Benarkah potongan berambut pendek dengan garis melintang di tengah atau di pinggir kepala adalah bentuk kepribadian kita? Kepribadian baik kita? kepribadian positif kita? kepribadian Nusantara ini?

Merujuk dari wacana di atas, tentang seorang teladan. Disaat kita meneladani Sultan Hasanuddin, hanya mengambil sepenggal saja yang menurut kita cocok untuk diri kita, maka berkuranglah keteladanan itu. Karena hanya diteladani sebagian. Namun bukan berarti saya menyuruh atau menyarankan meneladani Sultan Hasanuddin secara total. Bukankah karakter seseorang terbentuk dari keseluruhan yang ada di dalam diri orang tersebut. Bagaimana seorang bupati bisa meneladani seorang tukang becak, jika rumahnya tetap mewah, jika pakaianya bertumpuk-tumpuk di rumah, jika tanpa kekhawatiran akan mendapatkan penumpang atau tidak, jika tanpa kekhawatiran terhadap anak dan istri di rumah yang menanti sekilo beras yang akan dibawa saat pulang nanti. Apakah Bupati itu juga telah meneladani tukang becak itu.

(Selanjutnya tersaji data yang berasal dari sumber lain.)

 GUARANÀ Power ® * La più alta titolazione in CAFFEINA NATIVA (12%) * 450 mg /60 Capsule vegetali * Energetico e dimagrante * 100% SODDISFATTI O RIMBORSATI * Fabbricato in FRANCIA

Mengapa pendidikan di Indonesia ini menyeragamkan siswa-siswanya. Alasan disiplin kah? Bukankah era Majapahit jauh lebih disiplin daripada masyarakat kita sekarang ini. Mustahil tanpa kedisiplinan yang kuat Majapahit memiliki kapal terbesar di Dunia pada jamannya. Mustahil juga tanpa kedisiplinan Maha Patih Gadjah Mada dapat mempersatukan Nusantara dengan sumpah Palapa-nya.Bentuk kedisiplinan itu yang perlu kita pelajari dalam-dalam dari berbagai hal yang membuat Mahapatih Gadjah Mada mempersatukan Nusantara, kedisiplinan yang membuat kesatria-kesatria Syalendra mampu merampungkan Borobudur, kedisiplinan tentara angkatan laun Majapahit membuat teknologi kapalnya, kedisiplinan teknologi pengairan di bali dibangun. Apakah mereka menyeragamkan sesuatu hal dengan memaksakan bahkan menempatkannya sebagai suatu tolok ukur nilai pribadi seseorang?

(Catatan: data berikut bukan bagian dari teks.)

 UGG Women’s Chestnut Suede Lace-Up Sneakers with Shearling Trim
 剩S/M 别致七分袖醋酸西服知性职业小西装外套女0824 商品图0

Lahirnya nasihat dari orang bijak Nusantara di atas, bukan semata mengindikasikan suatu hal yang me-negatif-kan atau mem-positif-kan sesuatu hal. Maka itu dikatakan bijak, karena bisa ditafsirkan dari sisi atau sudut manapun. Ajining diri ono ing lati, bisa diartikan kesejatian diri seseorang terletak di lidahnya. Terserah mau jati diri yang baik maupun jati diri yang tidak baik, terserah mau jati diri yang hina maupun jati diri yang mulia. Ajining rogo ono ing busono, bisa diartikan kesejatian raga ada pada pakaian yang ktia kenakan. Di sini pun, terserah mau raga yang seperti apa, raga miskin atau kaya, raga yang rajin atau yang malas, yang bersih atau yang kotor, yang berpenyakit atau yang sehat.

Sikap mainstrim sekarang dengan judge bahwa seorang anak berambut gonrong adalah yang tak bisa diatur, berandal, pemberontak, preman, orang gila, primitif, pengangguran dan banyak lagi lainnya. Dari manakah judge  dan sebutan itu? Apakah mereka juga akan men- judge para pahlawan termasuk Sultan Hasanuddin seperti itu juga?

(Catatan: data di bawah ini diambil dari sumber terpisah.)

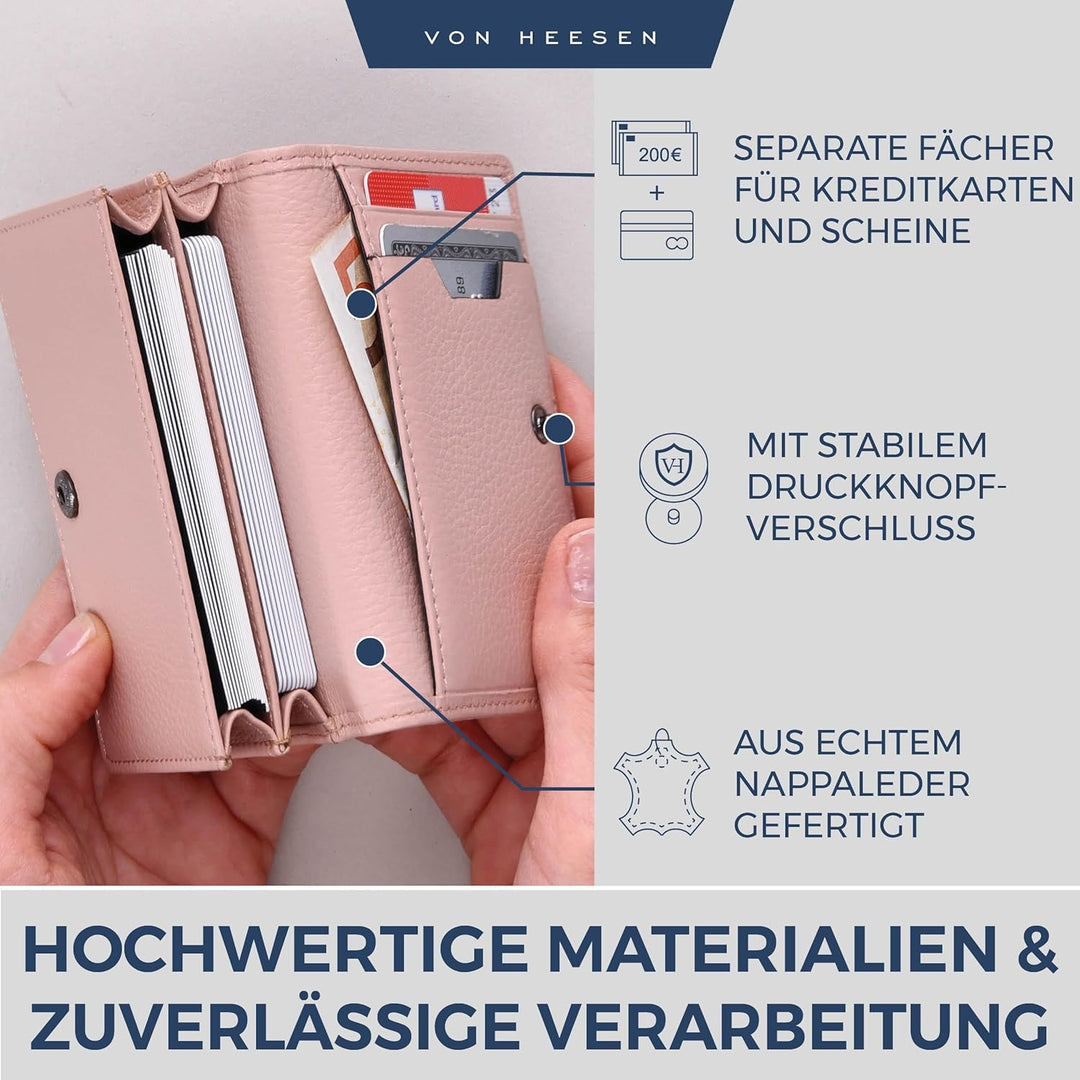 VON HEESEN® Visitenkartenetui Leder mit RFID-Schutz - Platz für 50 Visitenkarten - 6 Fächer - Visite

Ini jaman modern, bukan jamannya feodalism lagi —mungkin akan seperti itu tanggapan publik.  Baik, silakan adopsi sebanyak mungkin istilah-istilah hasil pengaruh gaya potongan rambut yang ada sekarang ini.  Gaya potong rambut yang membuat kita terdoktrin untuk memandang segala sesuatu dari perspektif orang-orang yang mendoktrin agar kita berpotongan rambut seperti ini —meniru mereka dan kemudian segala sesuatunya juga meniru mereka. Beruntung bagi yang terdoktrin dengan sesuatu yang menurut kita baik, benar, bagus dan hal-hal positif lainnya. Bagaimana jika ternyata kita terdoktrin yang hanya menurut mereka —yang mendoktrin— saja yang benar, sementara kita hanya latah dan ikut-ikutan saja membenarkan tanpa tau dan tidak mau tau apakah motif di balik judge yang mereka doktrinkan itu.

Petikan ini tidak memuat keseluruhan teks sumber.